TASK DESCRIPTION:
Within the listing below, give again exactly the lines between the one containing "Lee más sobre" and the one containing "More Custom Blocks Add-On by MrAniman2", inclusive, pictures left aside.

INFORMATION GIVEN:
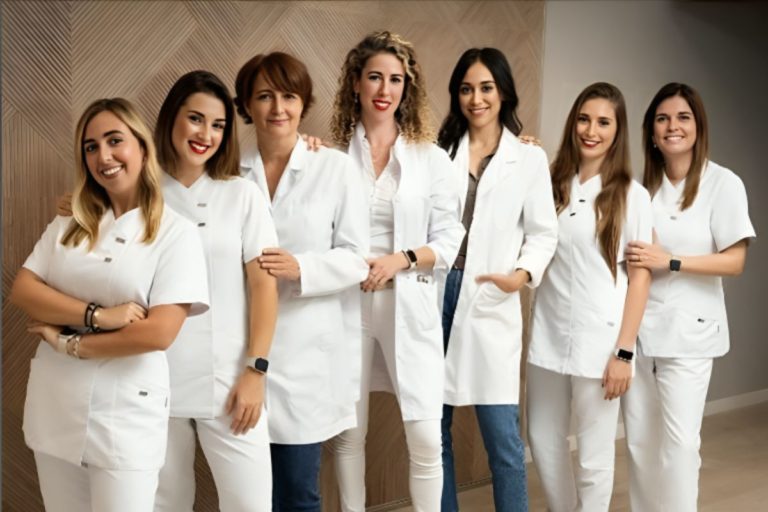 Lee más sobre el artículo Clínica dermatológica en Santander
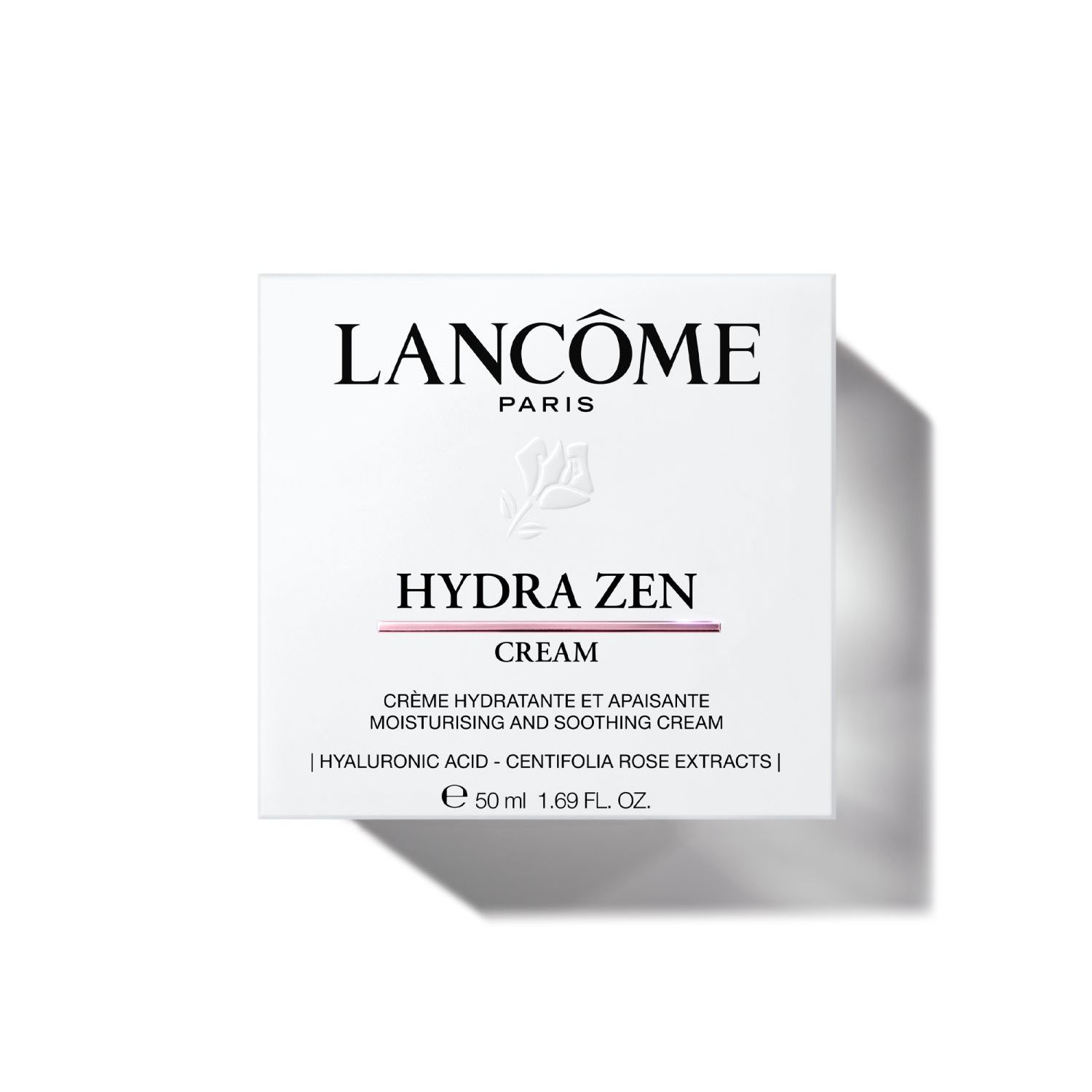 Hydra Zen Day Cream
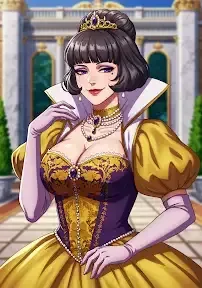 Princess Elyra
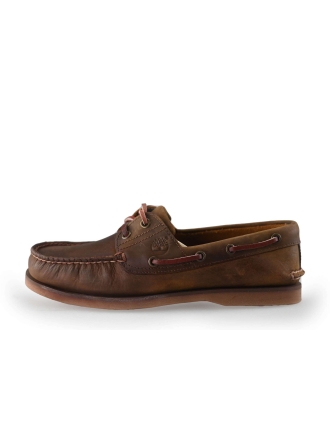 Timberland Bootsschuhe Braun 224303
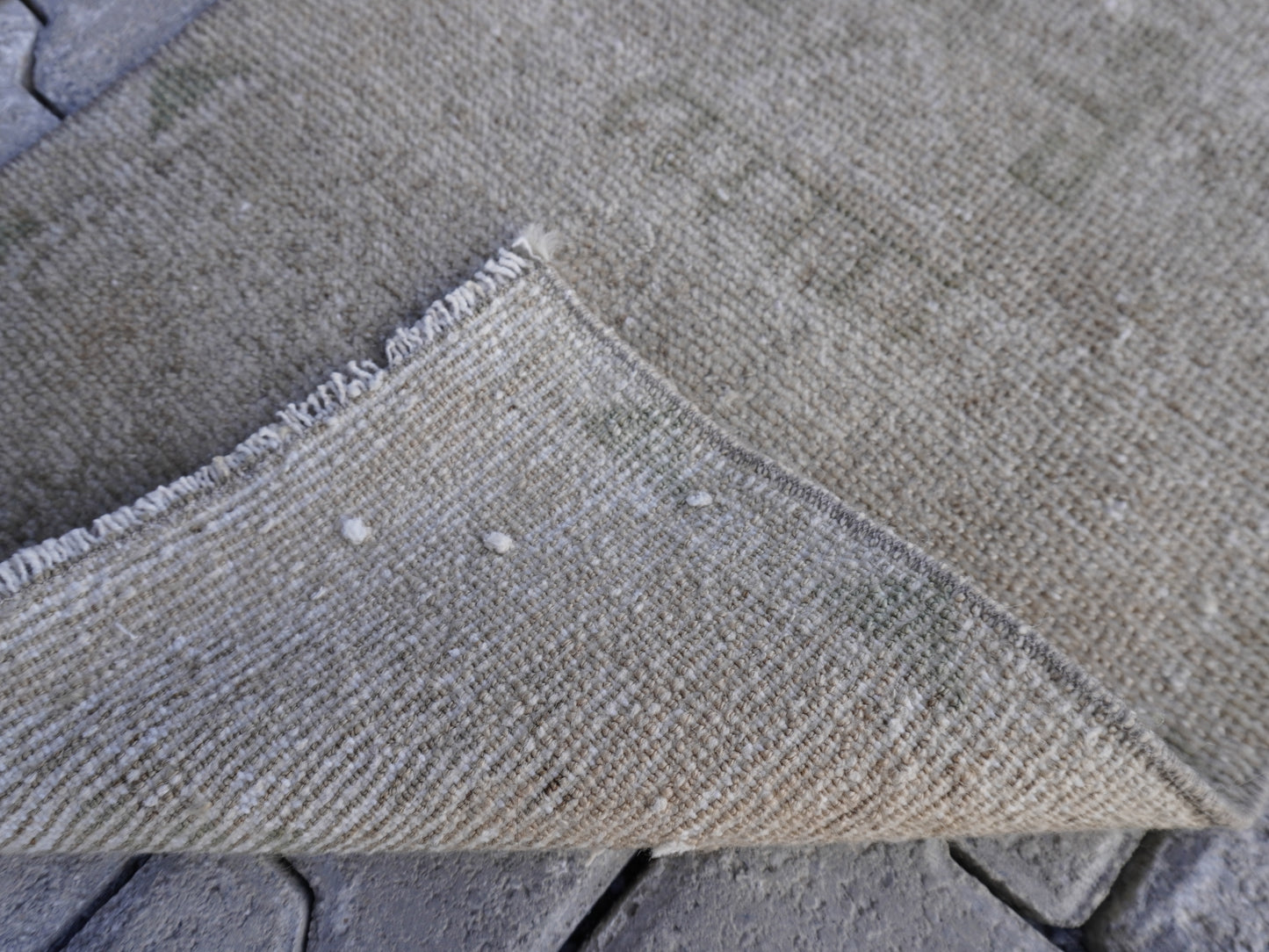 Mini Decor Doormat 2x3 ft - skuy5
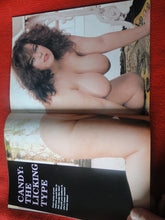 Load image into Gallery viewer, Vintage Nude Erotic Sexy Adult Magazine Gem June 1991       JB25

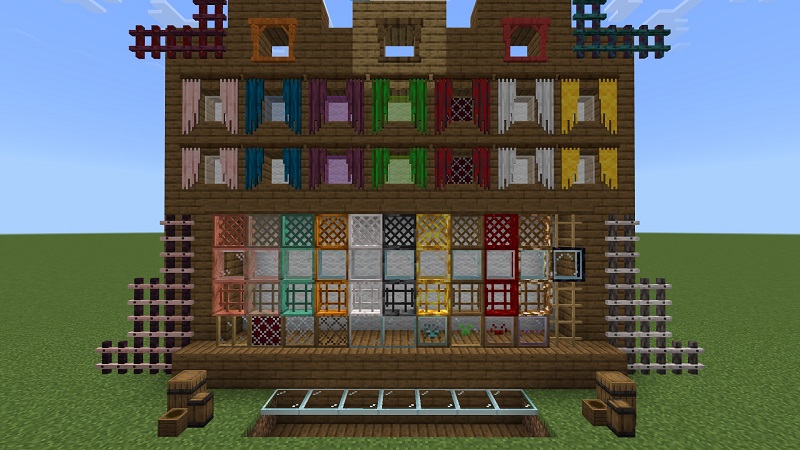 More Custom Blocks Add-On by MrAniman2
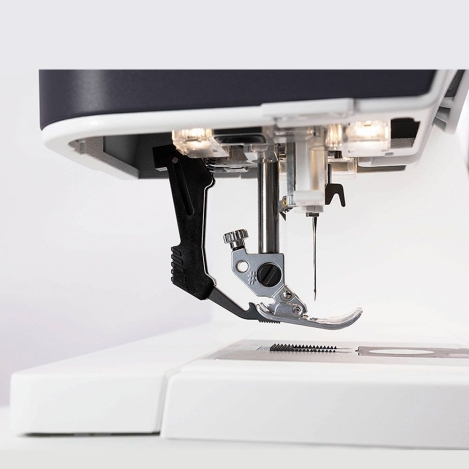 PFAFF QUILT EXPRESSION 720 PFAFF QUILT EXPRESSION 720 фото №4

* * *

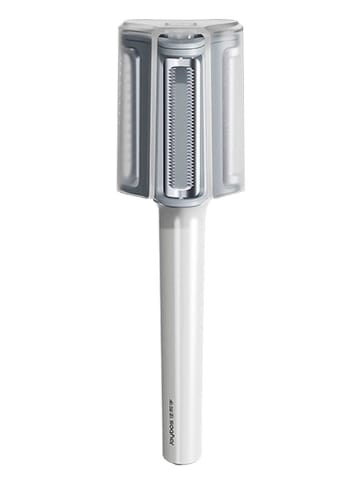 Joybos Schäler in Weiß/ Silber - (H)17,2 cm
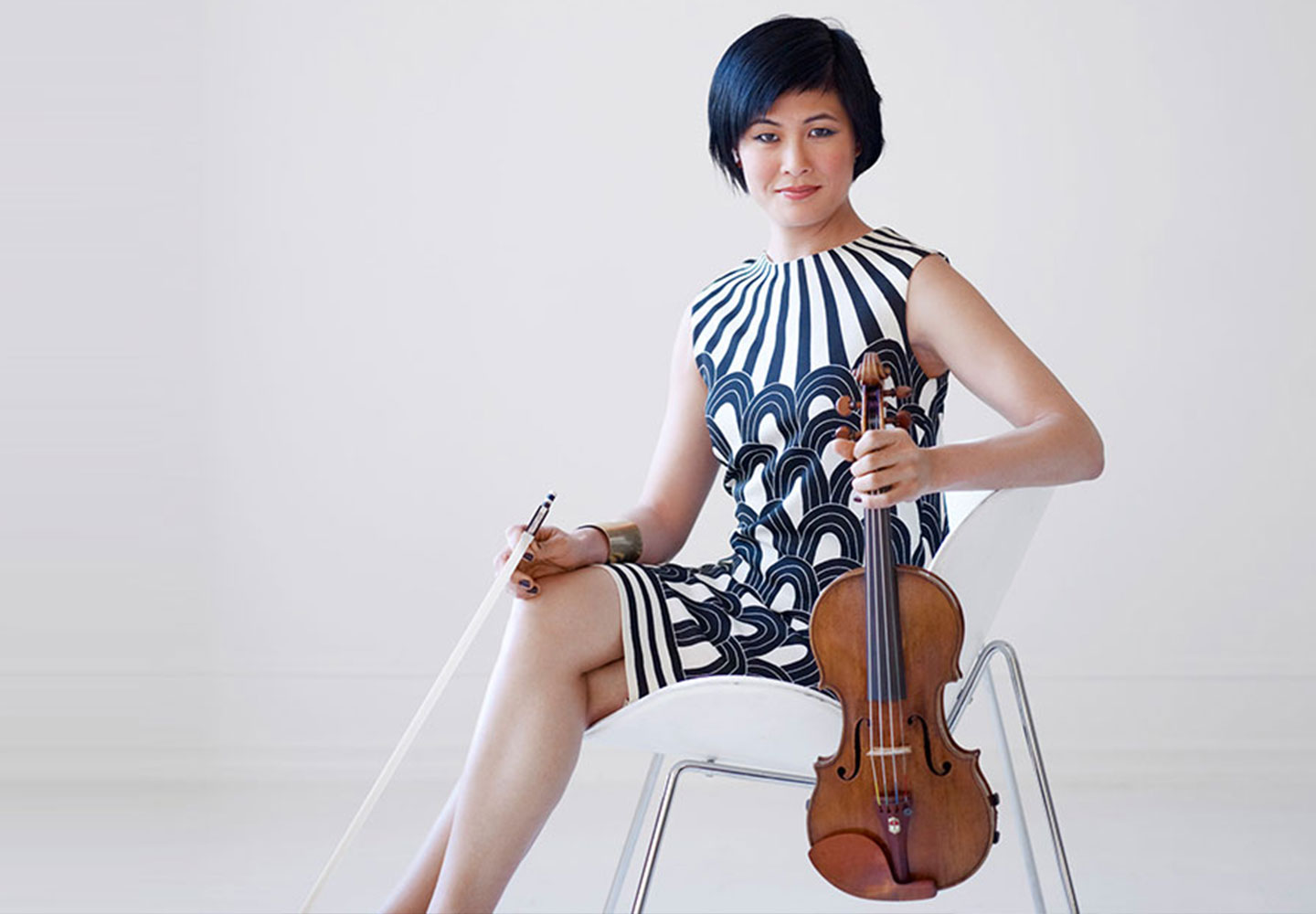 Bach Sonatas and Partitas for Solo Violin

...

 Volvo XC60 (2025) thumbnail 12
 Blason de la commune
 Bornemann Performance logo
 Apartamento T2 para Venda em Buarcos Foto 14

SOLUTION TO THIS PROBLEM:
 Lee más sobre el artículo Clínica dermatológica en Santander
 Hydra Zen Day Cream
 Princess Elyra
 Timberland Bootsschuhe Braun 224303
 Mini Decor Doormat 2x3 ft - skuy5
 Load image into Gallery viewer, Vintage Nude Erotic Sexy Adult Magazine Gem June 1991       JB25

 More Custom Blocks Add-On by MrAniman2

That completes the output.